I nutrienti entrano nel flusso sanguigno attraverso i microvilli che rivestono le pareti dell'intestino tenue. Un singolo microvillo è costituito da un capillare sanguigno che funge da punto di ingresso nel flusso sanguigno per i nutrienti assorbiti.

La digestione è il processo di scomposizione del cibo in componenti nutritivi che possono essere assorbiti dal flusso sanguigno e consegnati alle cellule. Inizia con la decomposizione meccanica del cibo in bocca, dove particelle di cibo più piccole entrano nello stomaco attraverso l'esofago. La digestione chimica attraverso l'azione enzimatica e le secrezioni acide idrolizza ulteriormente il cibo nello stomaco, che entra poi nell'intestino tenue dopo 2 ore.
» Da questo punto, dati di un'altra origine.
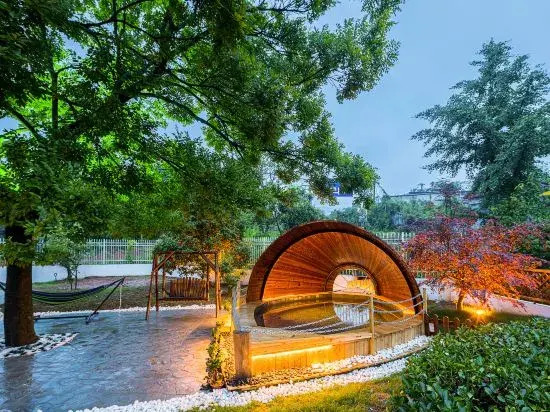 Yixiyixia Homestay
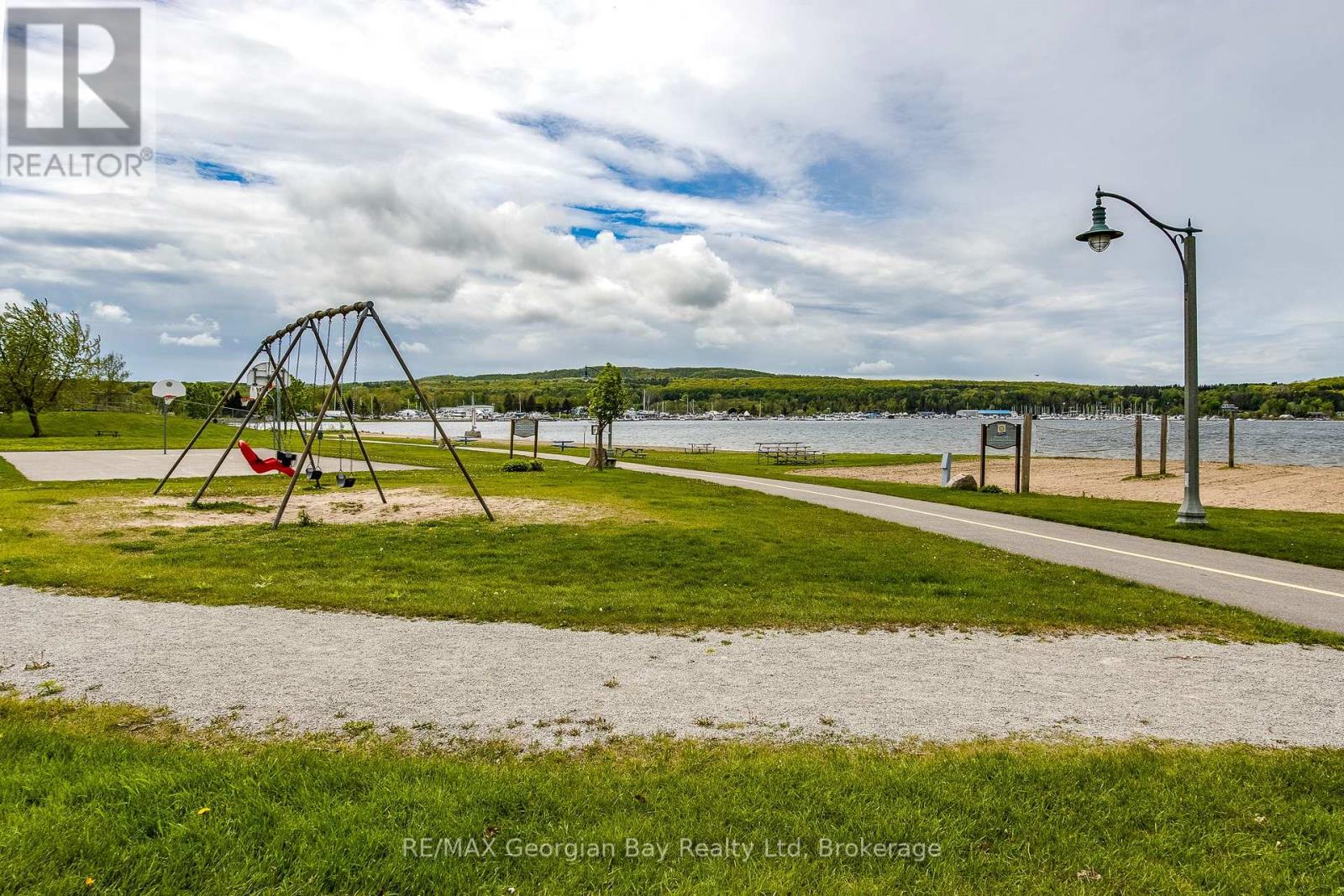 Photo 17 of 63 Nettleton Drive, Penetanguishene ON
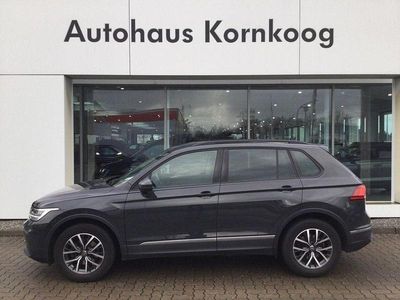 Uranograu Gebraucht 2022 VW Tiguan Life SUV | 24.990 € (Etwas zu teuer)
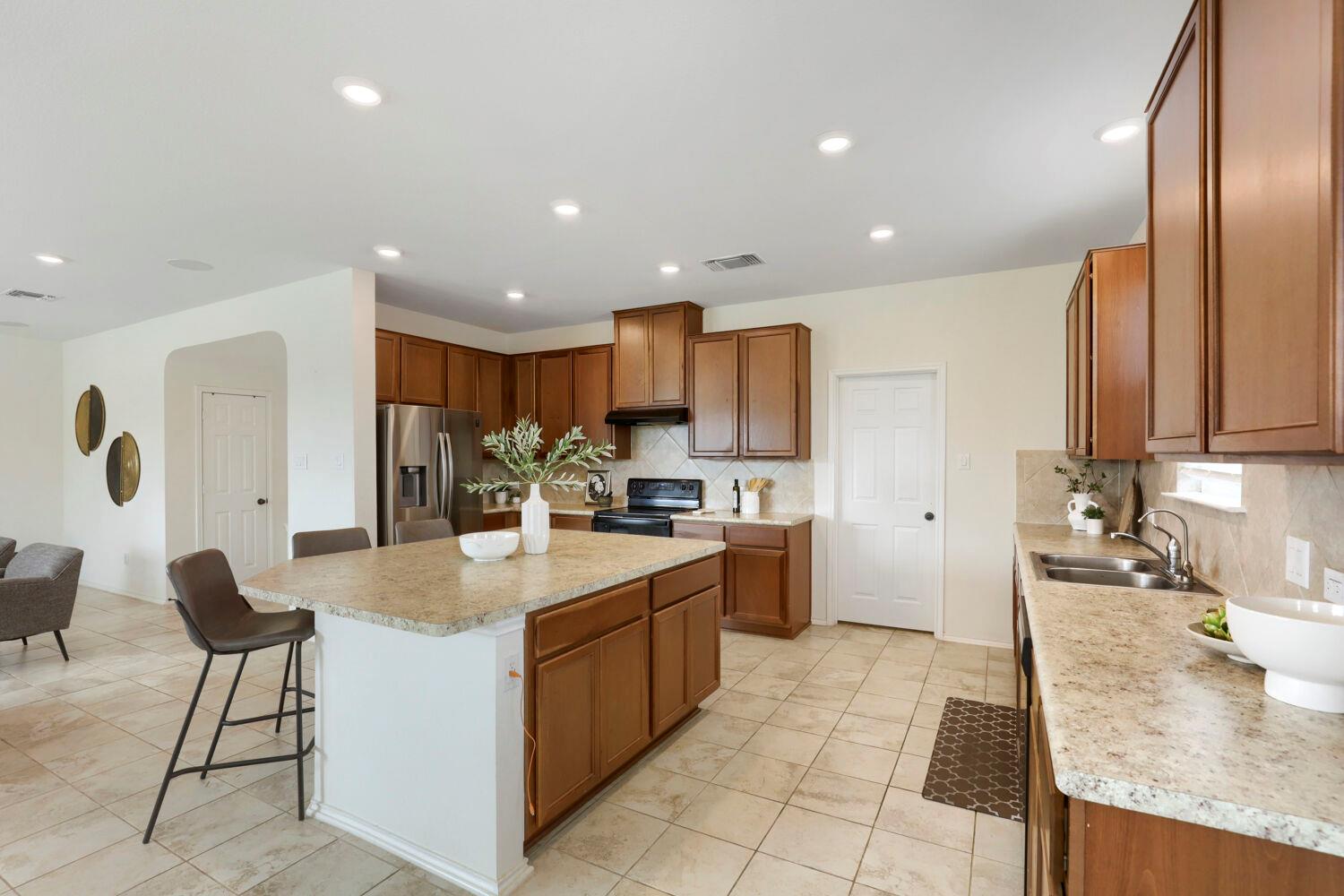 538 Thunder Valley Trl, Georgetown, TX 78626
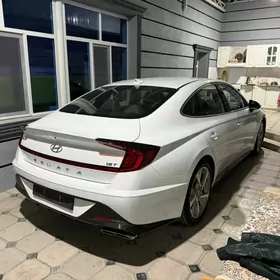 Hyundai Sonata 2021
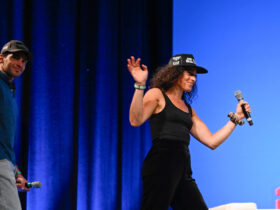 Davide e Federica Brignone sul palco del Teatro sociale di Trento (foto Nicola Eccher)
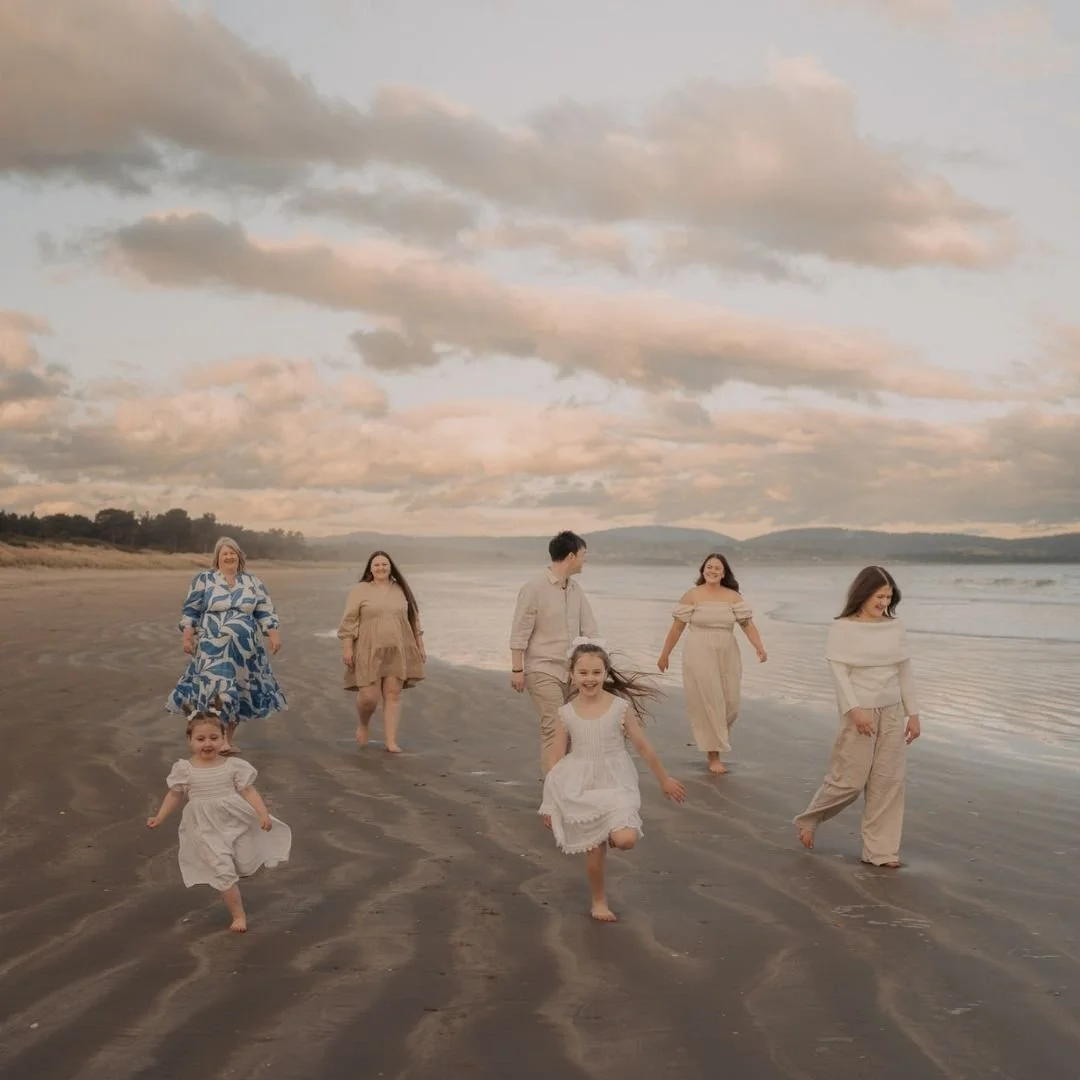 Happy birthday dear @miz_heidi !!! It took a while to get you all together but oh my goodness didnt we pick the perfect evening?! You and your family were an absolute delight and I loved spending a golden, misty evening with you all❤️

#gallerylanema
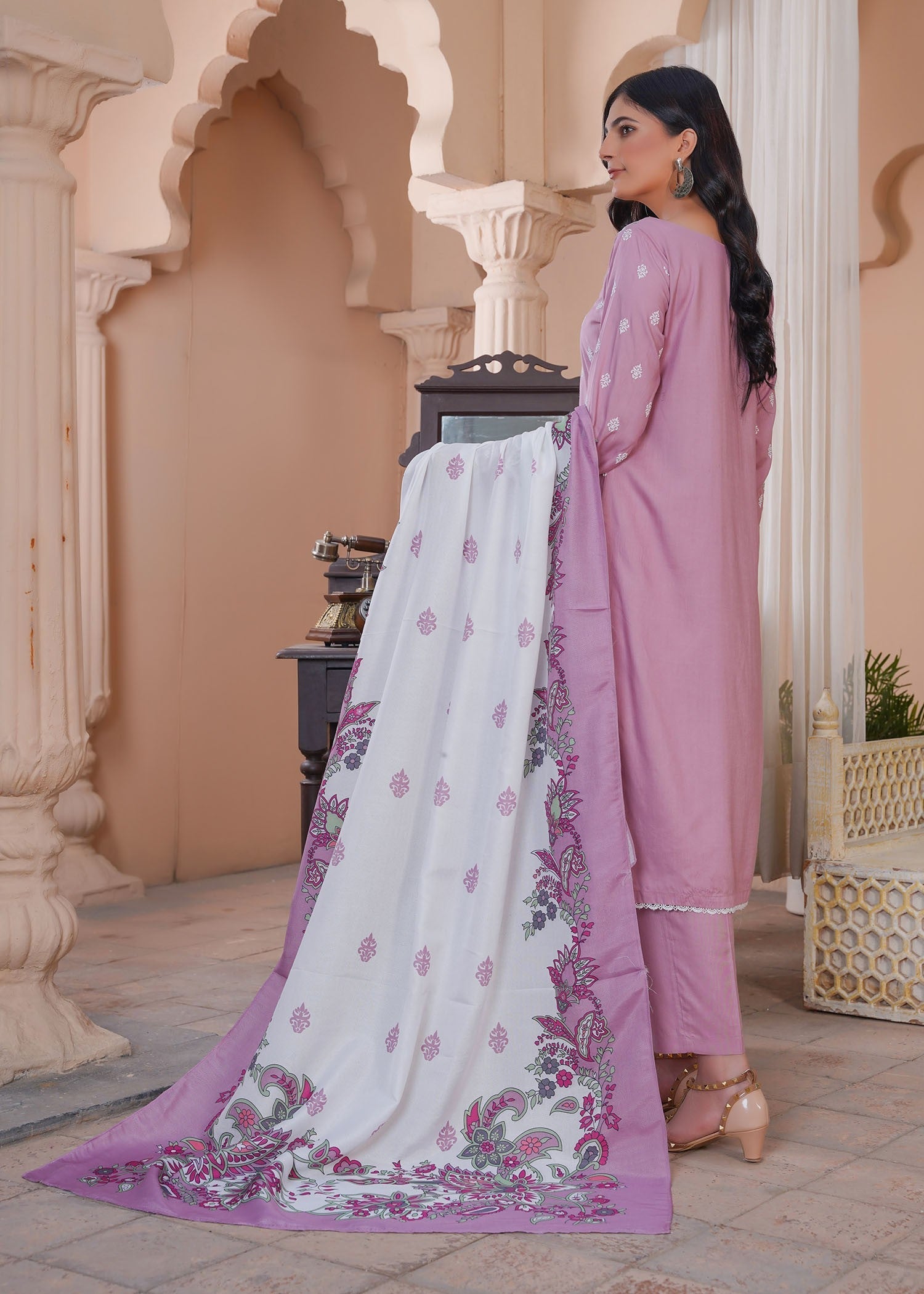 Madame Embroidered Linen Suit 7033 Women 3pcs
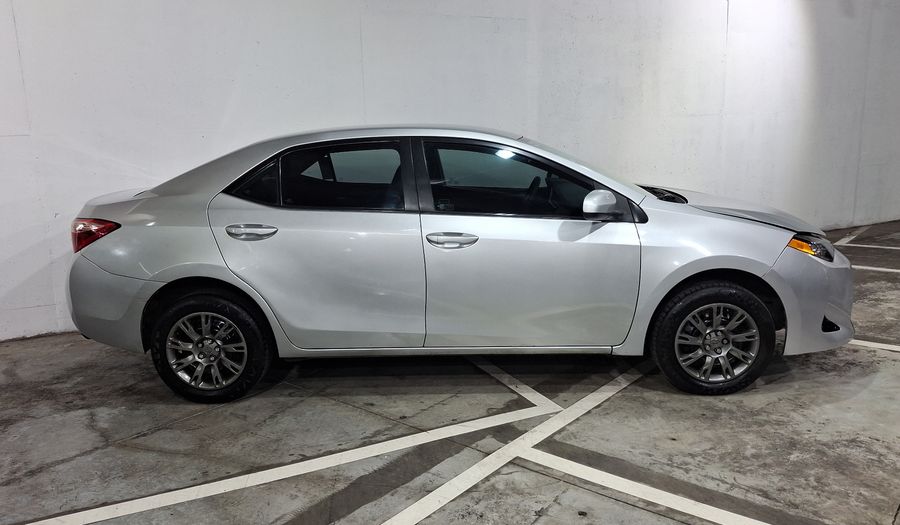 Toyota Corolla 1.8 BASE CVT Sedan 2017
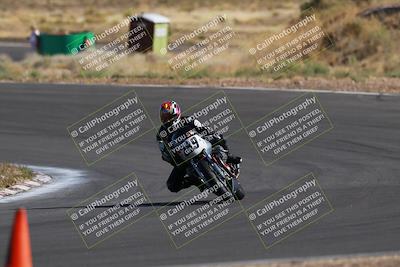 media/Apr-19-2025-AHRMA (Sat) [[3d98ca3309]]/Race/Group 8/Turn 4/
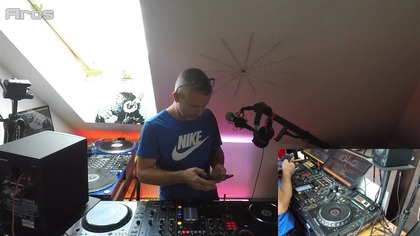 AROSŁAWKOWE LIVE-STREAMOWE SPONTANICZNE GRANIE 
 AUDIO: https://www.hearthis.at/djarospl/spontan-128

 DJ SPRZĘT: PIONEER CDJ 2000 · PIONEER DJM 2000

 WSZYSTKIE LINKI  https://www.linktr.ee/djAROSpl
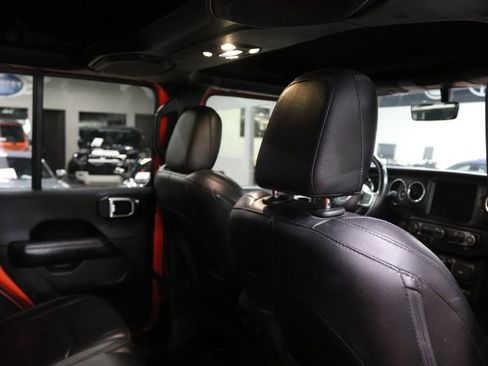 Used 2019 Jeep Wrangler Unlimited Sahara image 20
L'ultima rottura del cibo si verifica nell'intestino tenue. Il pancreas e la cistifellea scaricano i succhi digestivi per idrolizzare carboidrati, grassi e proteine. Quando il cibo digerito è ridotto a livelli di assorbimento, i nutrienti scendono lungo le pareti intestinali attraverso l'azione della peristalsi. Questo processo riguarda il movimento muscolare che si verifica nel tratto digestivo, dove contrazioni e distensioni alternati generano movimenti ondulatori che spingono i nutrienti in avanti.

Il rivestimento intestinale è permeato da minuscole proiezioni simili a dita note come microvilli. Queste strutture microscopiche aumentano notevolmente la superficie delle pareti intestinali per assorbire più nutrienti. I vasi sanguigni presenti in ciascun microvillus assorbono i nutrienti nel sangue per essere fatti circolare in tutto il corpo e forniscono alle cellule l'energia necessaria per eseguire i processi vitali essenziali.